Unintended Side Effects III: Night of the Unintended

Darkness there, and nothing more

Edgar Allan Poe
"The Raven" (1845)

Late last year, my workday was extremely frustrating. I just wasn't getting anything done during my eight-hour workday between the noise here at home with everyone around for homeschooling, clients calling in with emergencies, and the demands made of a work-at-home dad. None of my actual project work ever ended up moving at the speed that I wanted it to, and it just wore at my nerves with every day that passed and nothing got done.

After a lot of thought, prayer, and discussion with my wife and those whose opinions I respect, I decided to change my work schedule. My good friend Shannon is a Nightwalker, working an overnight shift at a local factory because he prefers it, not because he has to, and I got to thinking about whether or not it could work for me. The end result sees me now working a schedule like this:

  • 1 PM to 5 PM: I teach the kids and have office hours, taking care of the everyday tasks of business, taking client calls, and responding to emergencies when they pop up.
  • 5 PM to 11 PM: Time with the kids and Holli, plus church and children's activities several nights of the week.
  • 11 PM to 3 PM: I do my project work, with no kids to bother me, nothing that Holli needs from me, and no clients calling in, because they're asleep and their businesses are closed.
This has largely worked for me. I get more done in four solid, uninterrupted hours of work than I ever could in eight hours when everybody's awake. My productivity has gone through the proverbial roof since I started this schedule.
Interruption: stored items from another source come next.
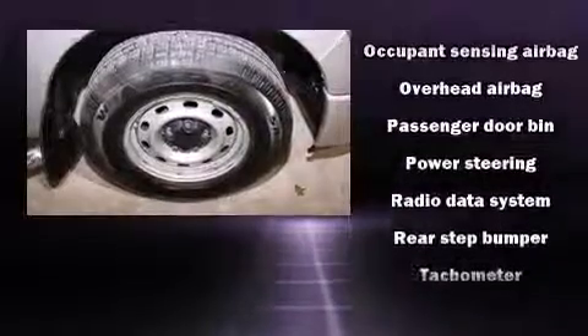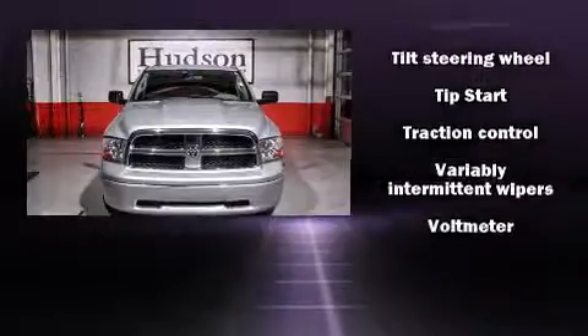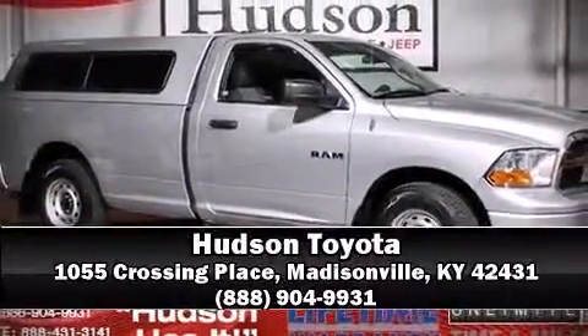A Carfax history report provides you peace of mind by detailing information related to past owners and service records. Please don't hesitate to give us a call.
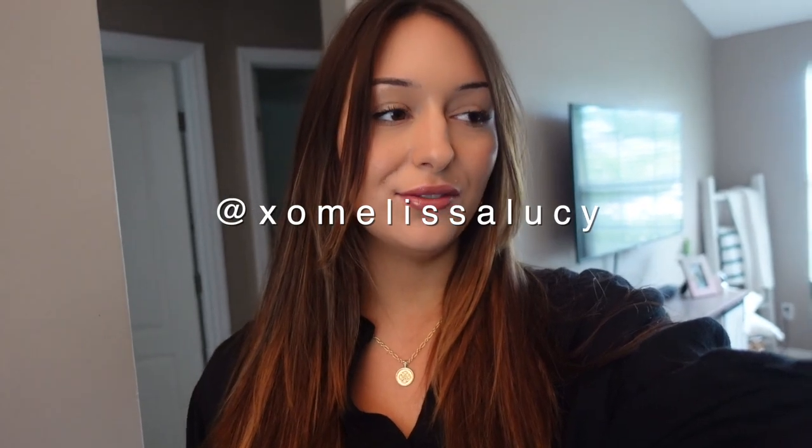Good morning guys, welcome back to my channel, or welcome if you're new. Today I'm going to be taking you through a typical day in the life of an entrepreneur. My name is Melissa, I make videos about lifestyle, productivity, and entrepreneurship. I own an online boutique called Sun Styled, I make YouTube videos, and I'm working on something really big behind the scenes right now that I can't quite tell you yet.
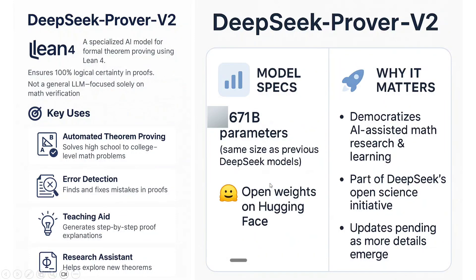Hi everyone. DeepSeek is back and this time it is back with a new model called DeepSeek Prover V2. This is not your general LLM but it is a mathematical monster. It is a specialized AI model for formal theorem proving using Lean4. It is very very complicated.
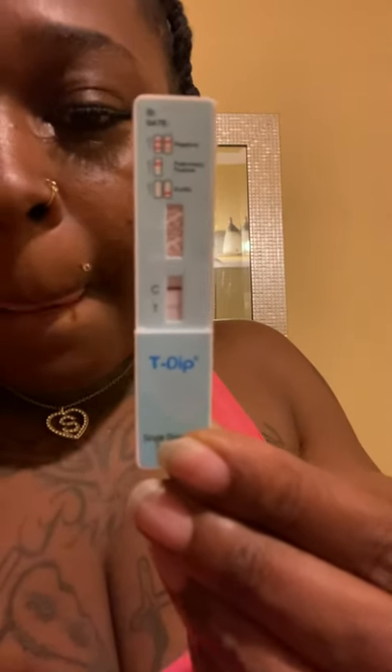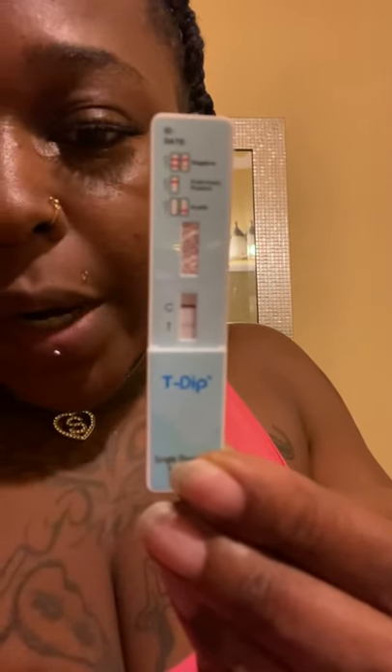After doing some research, I finally figured out how to pass my drug test. This is one that I took today, which as you can see tested negative. I took it around three o'clock today and that one is negative.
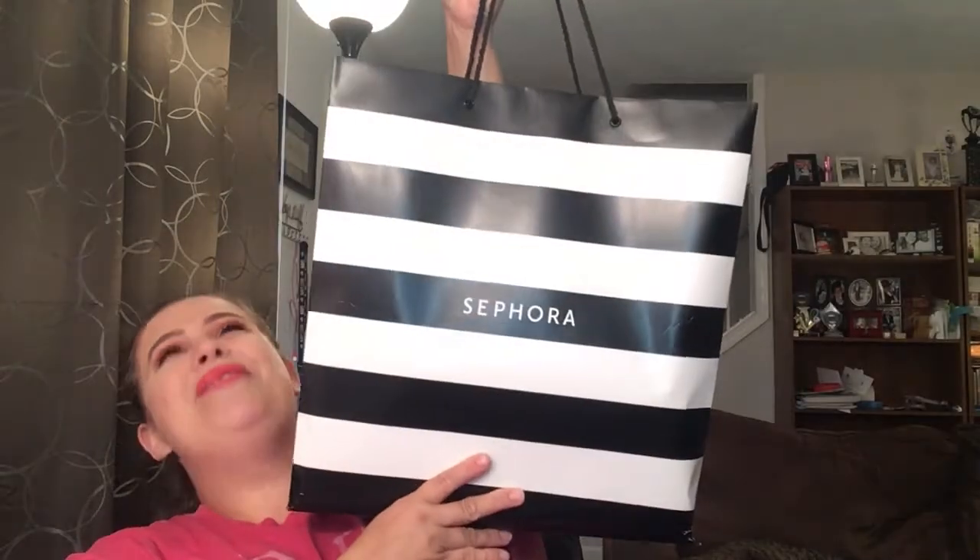Hello everyone, welcome to my channel! In today's video we're going to be doing a Sephora slash Tarte haul. I went to the VIB Rouge sale at Sephora — that was so exciting because I've never been before — and I also ordered a couple of holiday items from Tarte.com. Let's go ahead and dive in. When I left Sephora I could not believe the bag that I got — look how huge that is!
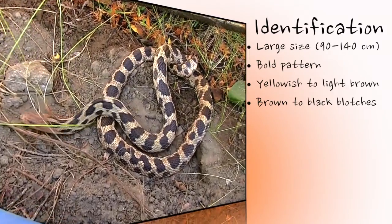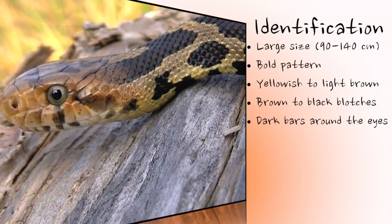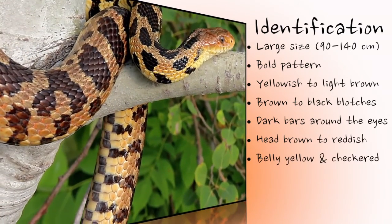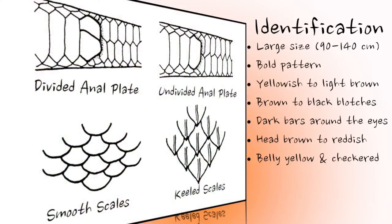There is usually a faint dark band between the eyes, and two others between the eye and the mouth, though these can disappear with age. The head can range from light brown to a coppery orange colour. The belly is almost always yellowish and checkered with black spots. The scales on the back and sides of the Eastern Fox Snake are weakly keeled.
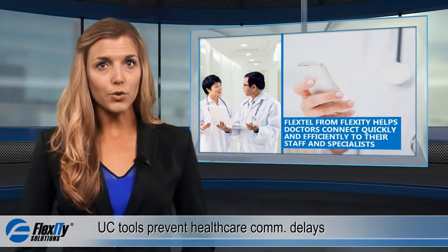Unfortunately, according to a Joint Commission report, delays in communication are the top cause for events such as medication errors and wrong site surgery.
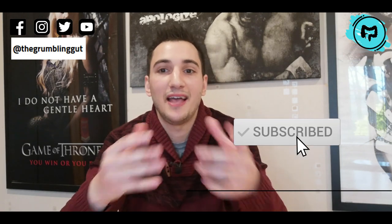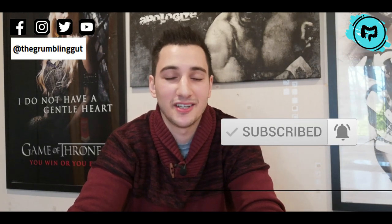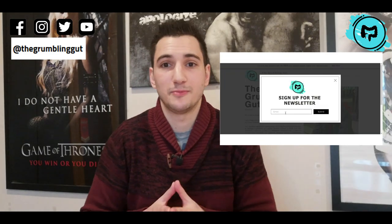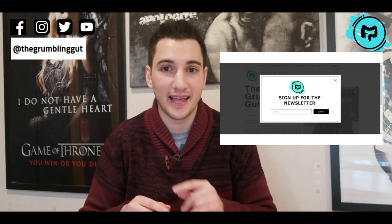Hello, welcome back to my channel — the only place dedicated to providing you with the best tips, tricks and information relating to Crohn's and colitis. Make sure you subscribe and hit the bell to be notified every Sunday. If you want to join an exclusive community, sign up to my newsletter via the link in the description below. Before I tell you what has worked for me, remember everyone is different and it's always best to seek proper medical advice from your doctors and dietitians.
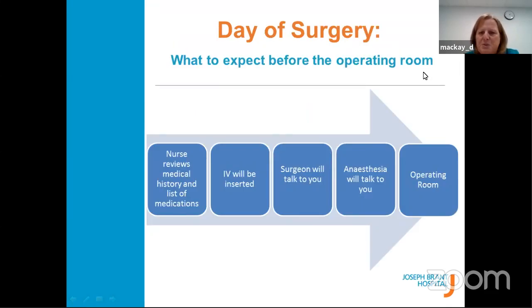What to expect the day of surgery: you'll come in and go to admitting first to check in, then head up to the second floor where you register. The nurses will call you in, go over all your paperwork, and start your IV. The surgeon comes and talks to you, and the anesthetist comes and talks to you — this anesthetist will be the one doing your case that day, so it's not necessarily the same one from the clinic. When they're ready for you in the operating room, they will bring you there, and the OR nurse comes and chats with you as well. You get to meet everybody before your surgery starts.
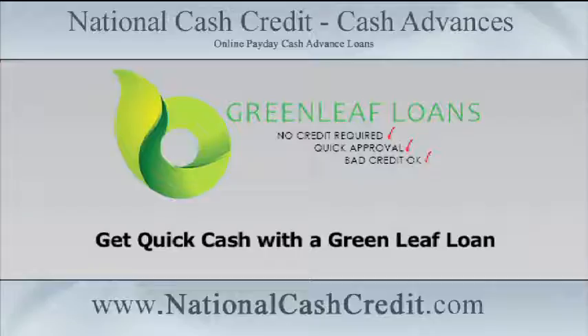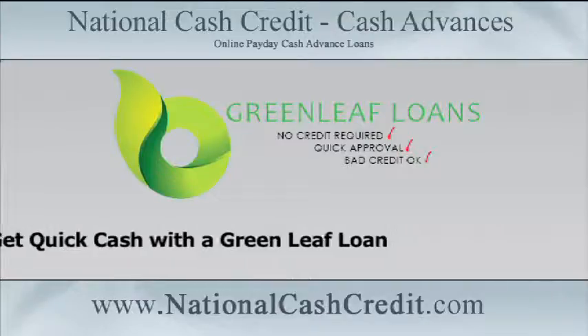Regardless of what you're looking for, it's important to follow some necessary steps to ensure you get the best bang for your buck. Even if you need cash fast, it's crucial to take a few minutes to look at your options so you don't get locked into an unfavorable deal. A Greenleaf Loan is a personal loan designed specifically for a borrower's wants and needs.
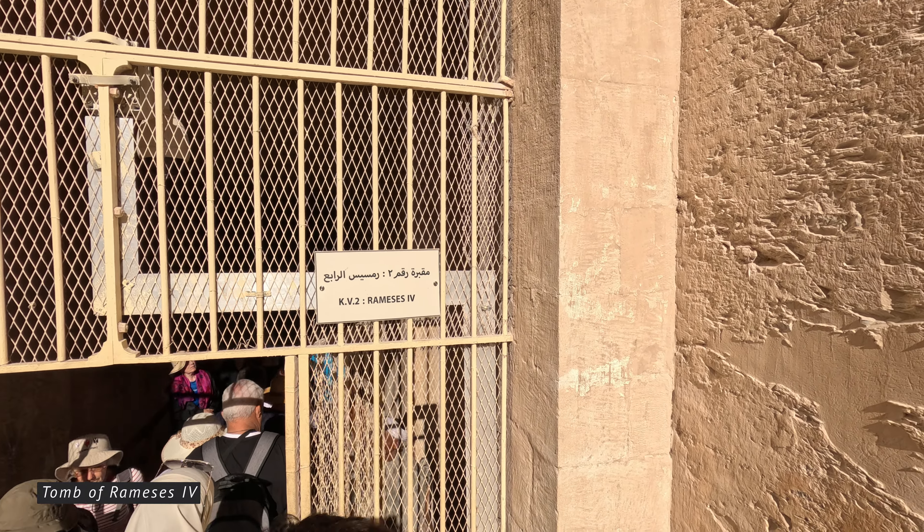The walls of the tomb are adorned with scenes from the Book of Gates, Book of Caverns, Book of the Earth, and other funerary texts, depicting the pharaoh's journey through the afterlife and his encounters with various deities. While this tomb is not as famous as some other tombs in the Valley of the Kings, it is still an important archaeological site that offers valuable insights into the religious beliefs and burial practices of ancient Egypt.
Plus, I end up with a lot more family time out of the deal, too. Since I'm just doing basic business tasks and not anything that requires my total focus, like programming or design, I'm available to teach the kids much more effectively. I'm also available for field trips and the like without missing any of my productivity time.

All in all, I think it was a great decision and I'll never go back if I can avoid it. However, it wasn't without some unintended (and wholly unexpected) side effects, hence the posts title. I present them now to let this post serve as a grim warning to anyone contemplating a similar lifestyle shift.

It is crushingly lonely in the house at night. Nobody is awake. The lights are all off so they can sleep. There's very little noise. I'm without no human company, which I forgot was something that I don't handle very well anymore. It's not without its good points, mind you. It makes for fantastic prayer time, and it's teaching me to rely more on God than on other people. Couple that with my increased focus and ability to do my job, and it's a great decision, but the transition through the crushing despair and loneliness of being alone in a dark, quiet house for four or five hours every night hasn't been an easy one.

What do I eat when? I have no clue at this point. Life was simple when it was breakfast, snack, lunch, snack, dinner, snack. Now it's whatever-I-eat-at-noon, snack, dinner, snack, shouldn't-I-have-a-real-meal-now?, and should-I-really-be-eating-this-late? I've not quite sorted everything out here yet.

Reading is difficult. Not a big deal typically, because I'm not normally reading for pleasure or education during my productivity time. I'm staring at a big stack of website changes I've got to make for a client in the next few days as I write this, though, and I'm going to have to do it with the help of a little snakelight I bought at Office Max last week. It's going to be challenging.

Working at the end of the day stinks. Work is not fun. That's why it's called work. Yes, I have a very satisfying job that I love, but I'd rather be spending my time in prayer, with my family and friends, reading a good book, or playing a game. All of you out there with normal jobs, think about how much fun five o'clock is for you when you get to go home and enjoy the rest of your day. I don't get that. It's even worse when it's been a bad day, because then it's "Oh, yay. I get to work now."

I can't go to sleep right away. I get through an awesome productivity period, I've gotten a lot of stuff done, and I've knocked out some great code. Now my brain is going full speed, and it's 3 AM and time to sleep. That does not work. So I've got to wind down and try to relax from the busiest part of my workday to be able to get to bed as quickly as possible. It's quite difficult.

My kids don't care that daddy's trying to sleep at 9 AM. This one is self-explanatory.

Remember, though, this is just a warning to other people who might be considering this. I got blindsided by some of these realities when I made the switch, and hopefully my experiences will be helpful. I'm not complaining by a longshot, though, because any problems my schedule causes will get solved by the following two things: I'll get tons done yet tonight, and then I'll sleep until noon.

UPDATE: I also cannot see where I put my stupid drink on the desk, thereby knocking it over and spilling water everywhere. That's no good, either. Stupid water. What was it doing there right after I wrote this post, anyway?